For the IGNYTE clinical trial, 140 patients were enrolled. These patients had failed to respond to immunotherapy after at least eight weeks. In the trial, the patients received RP1 plus nivolumab (Opdivo) after confirmed progression on other immunotherapies, like pembrolizumab (Keytruda), ipilimumab (Yervoy), or both.

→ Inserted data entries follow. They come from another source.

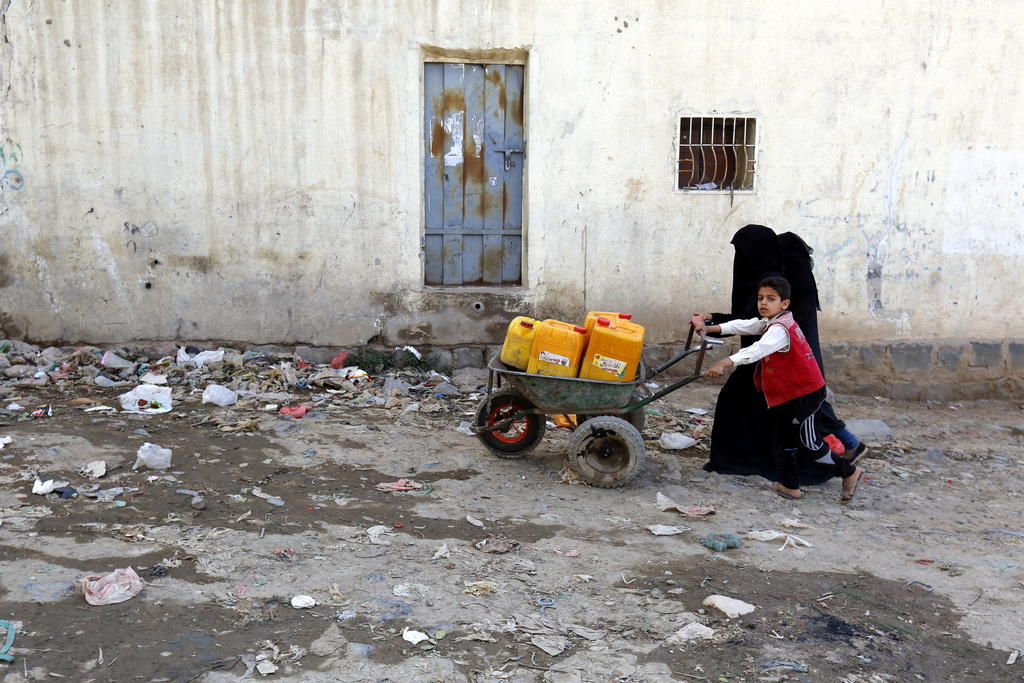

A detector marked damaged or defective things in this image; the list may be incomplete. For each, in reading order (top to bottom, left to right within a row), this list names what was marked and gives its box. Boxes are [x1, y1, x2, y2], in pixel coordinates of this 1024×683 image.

rusty door panel [421, 61, 524, 286] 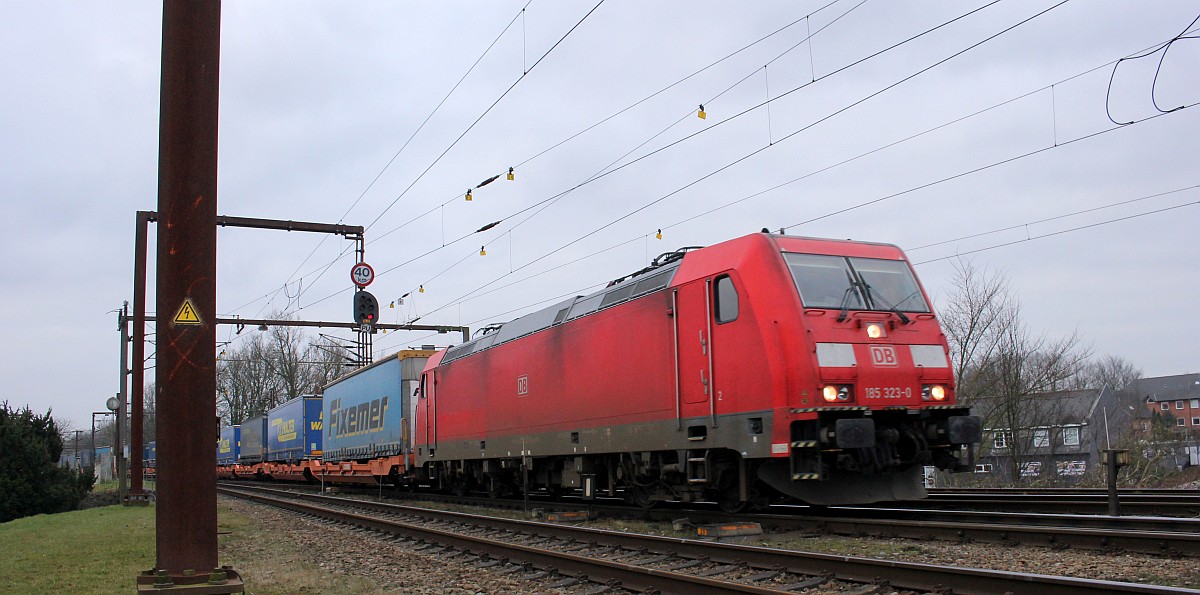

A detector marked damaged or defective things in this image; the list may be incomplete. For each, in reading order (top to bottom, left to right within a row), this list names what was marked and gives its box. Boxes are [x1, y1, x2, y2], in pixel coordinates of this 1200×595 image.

rusty metal pole [130, 208, 152, 496]
rusty metal pole [156, 0, 222, 575] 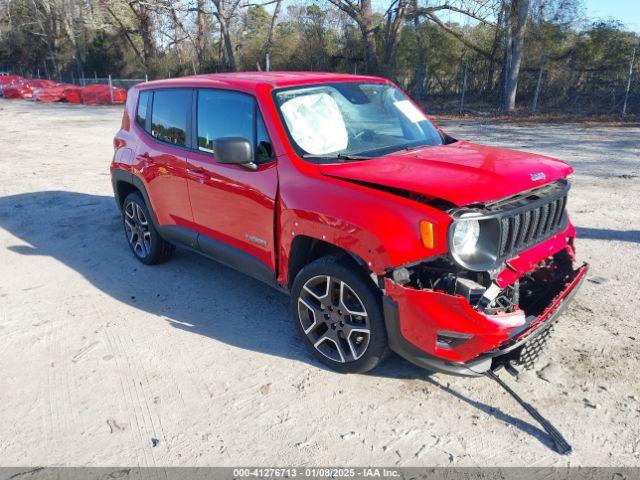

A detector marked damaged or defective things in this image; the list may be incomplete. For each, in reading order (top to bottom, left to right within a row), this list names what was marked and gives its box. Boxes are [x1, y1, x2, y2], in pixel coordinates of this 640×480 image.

crumpled hood [318, 140, 572, 205]
damaged front end [382, 179, 588, 376] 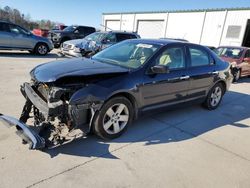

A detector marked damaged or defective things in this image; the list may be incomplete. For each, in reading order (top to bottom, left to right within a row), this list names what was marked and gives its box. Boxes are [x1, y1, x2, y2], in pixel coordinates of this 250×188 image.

broken front bumper [0, 114, 45, 149]
black damaged sedan [0, 39, 232, 150] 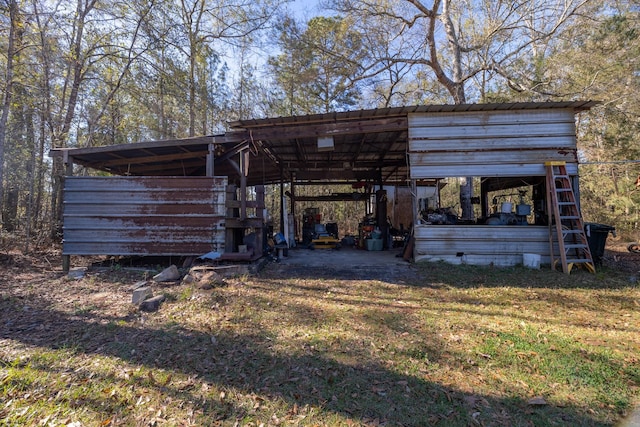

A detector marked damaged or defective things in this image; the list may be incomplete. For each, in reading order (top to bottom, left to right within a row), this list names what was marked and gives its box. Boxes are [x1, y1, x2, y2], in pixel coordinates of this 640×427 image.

The trial enrolled 48.6% of patients with Stage IV melanoma. Those enrolled patients received up to eight cycles of RP1, the last cycle of which was combined with nivolumab. Patients then received subsequent cycles of nivolumab alone for two years.²

Approximately 33.6% of patients experienced a confirmed objective response. The median duration of response after treatment initiation was 27.6 months, but ranged from 6.6 to 45.3 months among individual patients. Of those responding, 85% were ongoing after a year of treatment.²

Interestingly, tumor reduction was observed in lesions directly injected with the oncolytic therapy and non-directly injected lesions. For example, in a male patient with a cutaneous RP1 injection on the head, tumor shrinkage was observed at a metastatic site in the liver.²

In both areas, responses were similar in frequency, depth, and duration. These results suggest that responses are not dependent upon the ability to inject into the melanoma precisely and that the immune system can respond at other sites once activated.²

In this trial, the median overall survival has not yet been reached. However, the one-year survival rate was 75.3%, the two-year survival rate was 63.3%, and the three-year survival rate was 54.8%. These rates are promising among a population with advanced melanoma that has previously failed immunotherapy.²

The most common treatment-related side effects were fatigue, chills, pyrexia, and nausea. These were generally a low grade and did not last long.²

Based on these results, the IGNYTE-3 confirmatory Phase 3 trial, which will evaluate the combination of RP1 and nivolumab against the physician’s choice therapy in patients with advanced melanoma that has progressed on immunotherapies, is currently recruiting.

References:

1. Replimune information. Updated 2021. Accessed on September 15, 2024 at https://replimune.com/wp-content/uploads/2021/10/Replimune-Oncolytic-Immunotherapy-RP1-FAQ.pdf.
2. Robert C, Milhem MM, Sacco JJ et al. Primary efficacy, safety, and survival data from the registration-intended cohort of patients with anti–PD-1–failed melanoma from the IGNYTE clinical trial with RP1 combined with nivolumab. ESMO Congress 2024. Oral presentation on September 15, 2024.